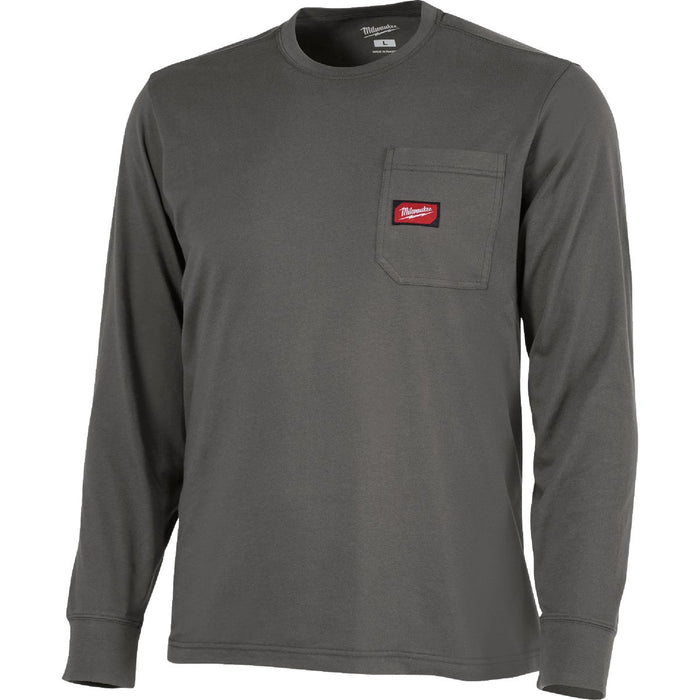 Milwaukee GridIron Large Gray Long Sleeve Heavy-Duty Pocket T-Shirt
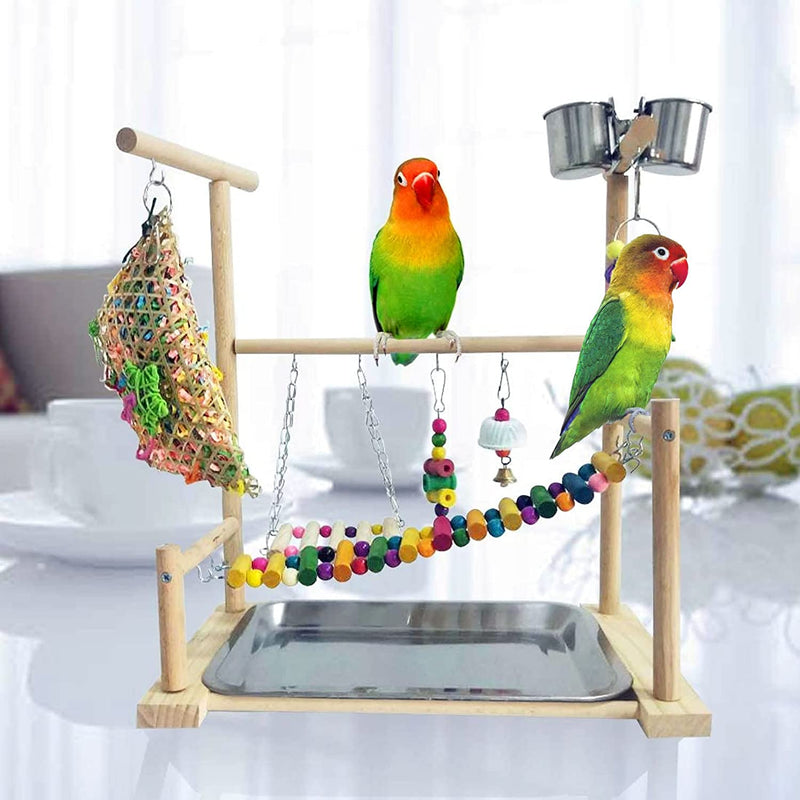 Kathson Parrots Playground Bird Perch Gym Playpen Birds Chewing Toys Bridges with Swings Food Bowl for Parakeets African Grey Conures Cockatiel Cockatoos Parrotlets Animals & Pet Supplies > Pet Supplies > Bird Supplies kathson   
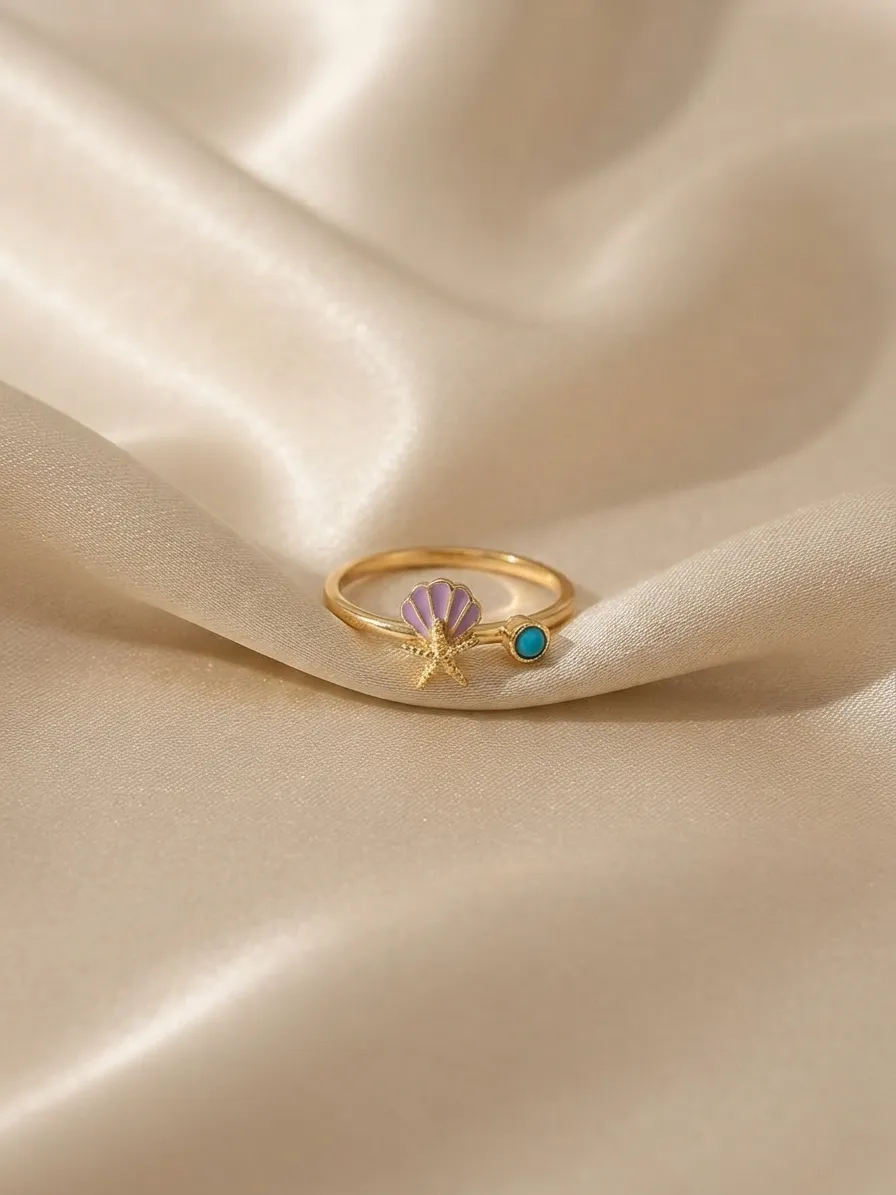 Enameled Seashell & Starfish Ring Purple
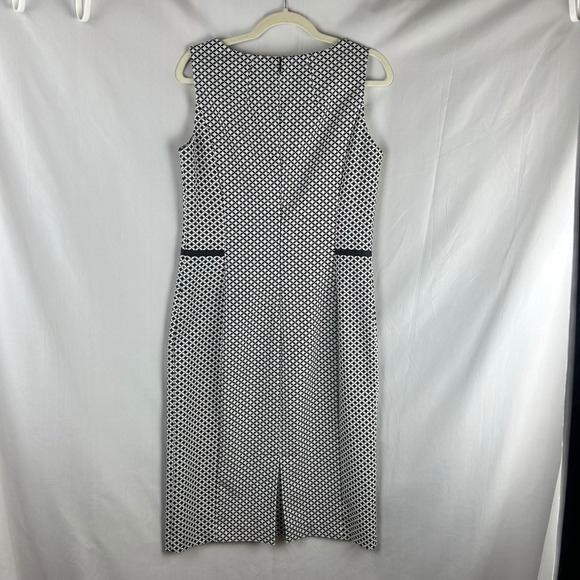 Long Tall Sally Black White Geometric Print Sleeveless Sheath Dress Size 8 Long - Picture 5 of 9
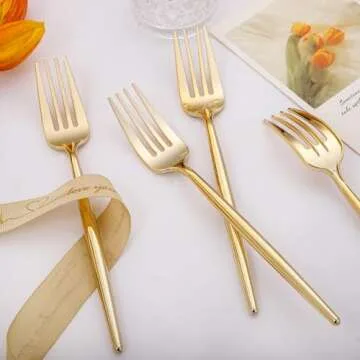 I00000 90 Pcs Gold Plastic Forks,Gold Disposable Utensils, Disposable Heavy Duty Plastic Forks Heat Resistant Perfect for Parties,Wedding,Dinners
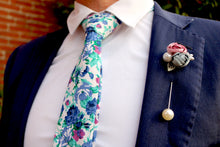 Load image into Gallery viewer, Twilight Blue and Periwinkle Floral Sock and Tie Groom Set - Jack and Miles 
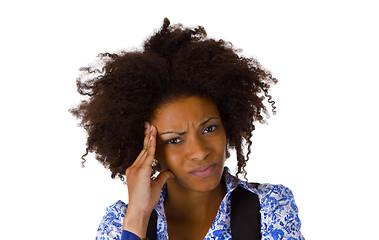 Image showing African american woman feels sick 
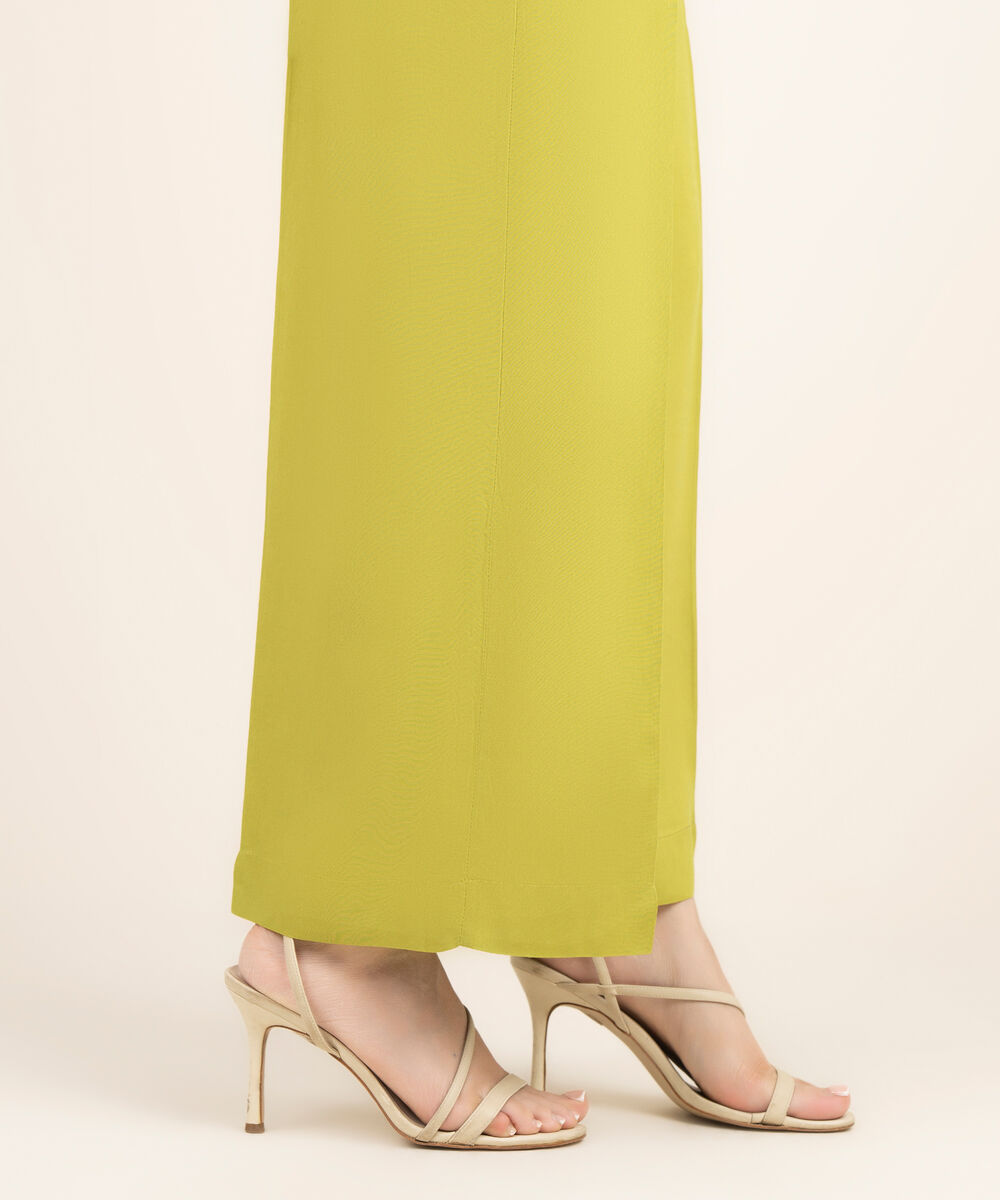 Women's RTW Viscose Linen Solid Green Culottes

════════════════

§ Your task
Please copy out the whole listing exactly, minus its pictures.

§ Answer for the task
 Milwaukee GridIron Large Gray Long Sleeve Heavy-Duty Pocket T-Shirt
 Kathson Parrots Playground Bird Perch Gym Playpen Birds Chewing Toys Bridges with Swings Food Bowl for Parakeets African Grey Conures Cockatiel Cockatoos Parrotlets Animals & Pet Supplies > Pet Supplies > Bird Supplies kathson   
 Enameled Seashell & Starfish Ring Purple
 Long Tall Sally Black White Geometric Print Sleeveless Sheath Dress Size 8 Long - Picture 5 of 9
 I00000 90 Pcs Gold Plastic Forks,Gold Disposable Utensils, Disposable Heavy Duty Plastic Forks Heat Resistant Perfect for Parties,Wedding,Dinners
 Load image into Gallery viewer, Twilight Blue and Periwinkle Floral Sock and Tie Groom Set - Jack and Miles 
 Image showing African american woman feels sick 
 Women's RTW Viscose Linen Solid Green Culottes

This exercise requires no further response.